Hinter dieser ungewöhnlichen, doch heilen Fassade steht jedoch eine Chronik der Kopfschmerzen. Es sind nämlich die Hilflosigkeiten eines unglücklichen Lebens, auf die Ben Faccini in seinem ersten Roman "Luft Anhalten" hindeuten will. Hilflosigkeiten, die letztlich auch durch körperliche Gebrechen zum Ausdruck kommen können. Selten, dass Mutter Ama nachts ein Auge zutut, um sich von abgaserfüllten Verkehrsstaus, dem Geräusch zufallender Autotüren und dem Geraschel von Stadtplänen zu erholen. Und auch Jean-Pio wird durch quälende Gedanken an Tod und Krankheit, denen durch die Furcht erregenden Erkenntnisse seines Vaters Nahrung gegeben werden, regelmäßig von Kopfschmerzen heimgesucht.
Von diesen histopathologischen Erkenntnissen erfährt auch der Leser allerhand und so weiß er nach der Lektüre genau, dass die meisten Krankheitserreger an der Kette von Klospülungen hängen und Klimaanlagen Bakterien besonders gut und schnell verbreiten. Er erfährt auch, wie Krebsgeschwüre von Kettenrauchern aussehen oder der Kot eines Darmkranken.
Faccini macht jedoch auch das Schweigen zu einem großen Thema in seinem Debüt. Die Zeilen quellen über von nicht Ausgesprochenem, von aufgestauten Aggressionen und Gedanken und auch von Liebe findet sich kaum eine Spur.
Doch gerade, als sich der Leser an diese Situation gewöhnt, ändert sich alles schlagartig. Plötzlich stellt sich Ama gegen Pados Autofahrten und ist nicht länger gewillt, das Familienleben auf den Straßen Europas zu führen. Sie möchte endlich sesshaft werden und ihren Söhnen das geben, was sie bisher nicht hatten: eine Kindheit.
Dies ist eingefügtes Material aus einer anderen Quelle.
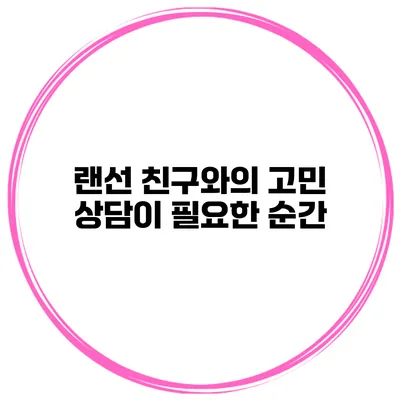 랜선 친구와의 고민 상담이 필요한 순간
Folglich ziehen sie in das verlassene Haus der Großmutter nach Frankreich und versuchen dort von vorne anzufangen - bloß die Kopfschmerzen bleiben. Pado ist ohne sein Auto unglücklich, Jean-Pio entdeckt ein schreckliches Familiengeheimnis und Duccio wird von einem Au-Pair-Mädchen vergewaltigt.
Faccini versteht es dabei, eine ansprechende und realistische Atmosphäre zu schaffen, die er gekonnt in Worte zu kleiden vermag, auch wenn seine Sprache und sein Stil manchmal zu einfach sind. So ist der Bruch, den er nach der Hälfte des Buches vollzieht, zu groß. Es verstört, sämtliche Protagonisten plötzlich völlig anderen Situationen ausgesetzt und sich mit Geschehnissen konfrontiert zu sehen, die sich im ersten Teil nicht einmal abzuzeichnen wagen, während sie im zweiten von immenser Bedeutung zu sein scheinen. Vieles lässt erkennen, dass sich der 36-jährige Autor, der selbst in Italien, Frankreich und England aufgewachsen ist, hier zum ersten Mal an einem Roman versucht. Doch dem Mangel an schriftstellerischer Reife sollte man sich nicht zum Grund machen, über den Wahl-Londoner hinweg zu sehen. Was nicht ist, kann ja noch werden. In Faccinis Fall deuten die Zeichen darauf hin.